[[ Extracted records, beginning ]]

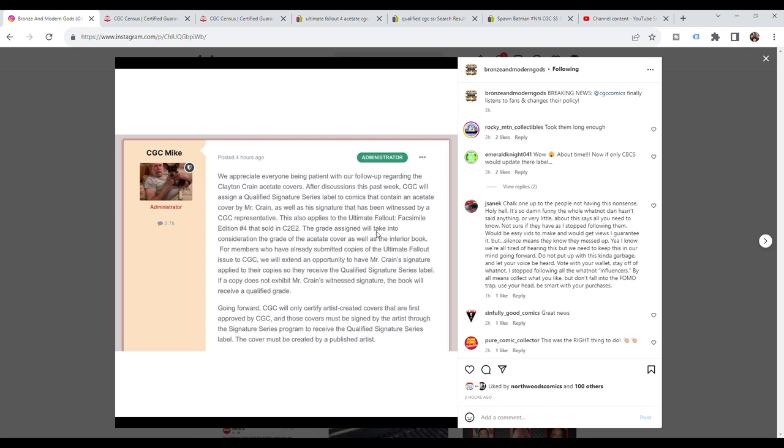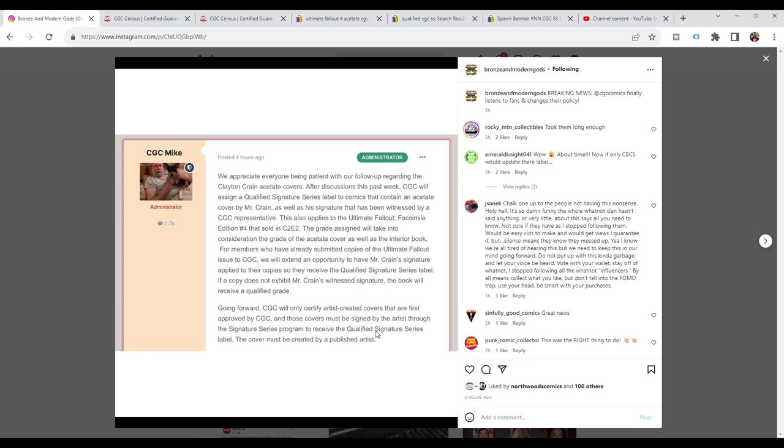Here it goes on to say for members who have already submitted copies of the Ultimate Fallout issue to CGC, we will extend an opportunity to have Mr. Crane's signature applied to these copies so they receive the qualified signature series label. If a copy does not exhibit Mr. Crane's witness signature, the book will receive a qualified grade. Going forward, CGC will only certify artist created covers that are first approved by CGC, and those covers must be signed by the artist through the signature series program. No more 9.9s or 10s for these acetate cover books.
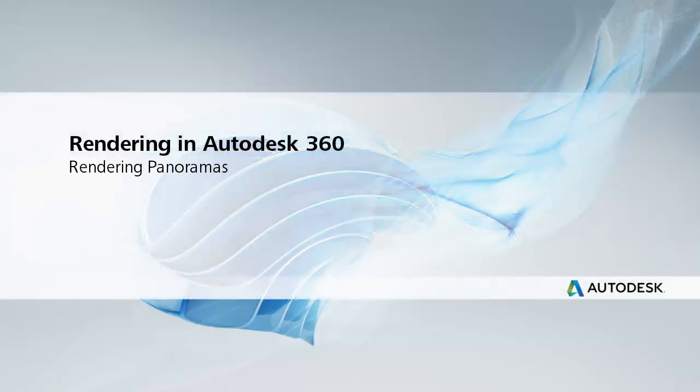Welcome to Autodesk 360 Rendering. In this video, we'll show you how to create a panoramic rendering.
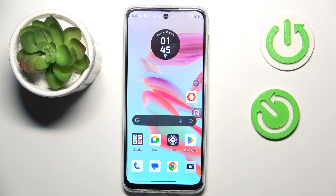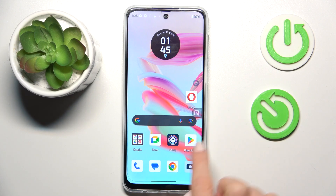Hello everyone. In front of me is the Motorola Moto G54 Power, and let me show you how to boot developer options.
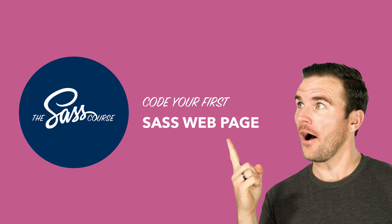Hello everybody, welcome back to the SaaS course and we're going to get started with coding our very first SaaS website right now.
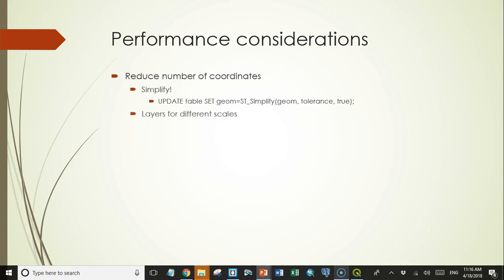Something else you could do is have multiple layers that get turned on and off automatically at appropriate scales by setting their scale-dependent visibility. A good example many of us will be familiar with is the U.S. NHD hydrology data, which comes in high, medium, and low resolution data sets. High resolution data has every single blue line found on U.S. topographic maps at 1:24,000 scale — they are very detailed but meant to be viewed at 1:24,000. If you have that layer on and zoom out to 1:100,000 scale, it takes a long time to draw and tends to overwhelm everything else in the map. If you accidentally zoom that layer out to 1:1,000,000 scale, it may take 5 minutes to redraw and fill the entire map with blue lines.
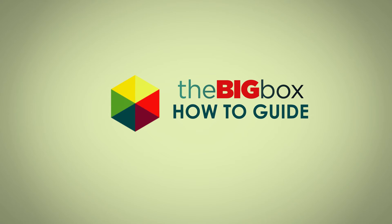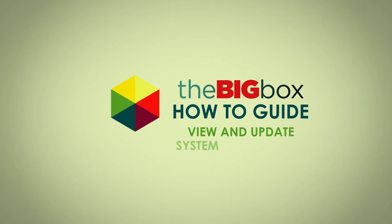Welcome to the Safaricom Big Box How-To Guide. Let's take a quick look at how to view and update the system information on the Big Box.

[[ Extracted records, end ]]

● Task statement
Final task for the records above: print exactly the lines from the one that contains "Welcome to Autodesk" through the last line, both ends included, pictures excluded.

● Task response
Welcome to Autodesk 360 Rendering. In this video, we'll show you how to create a panoramic rendering.
Hello everyone. In front of me is the Motorola Moto G54 Power, and let me show you how to boot developer options.
Hello everybody, welcome back to the SaaS course and we're going to get started with coding our very first SaaS website right now.
Something else you could do is have multiple layers that get turned on and off automatically at appropriate scales by setting their scale-dependent visibility. A good example many of us will be familiar with is the U.S. NHD hydrology data, which comes in high, medium, and low resolution data sets. High resolution data has every single blue line found on U.S. topographic maps at 1:24,000 scale — they are very detailed but meant to be viewed at 1:24,000. If you have that layer on and zoom out to 1:100,000 scale, it takes a long time to draw and tends to overwhelm everything else in the map. If you accidentally zoom that layer out to 1:1,000,000 scale, it may take 5 minutes to redraw and fill the entire map with blue lines.
Welcome to the Safaricom Big Box How-To Guide. Let's take a quick look at how to view and update the system information on the Big Box.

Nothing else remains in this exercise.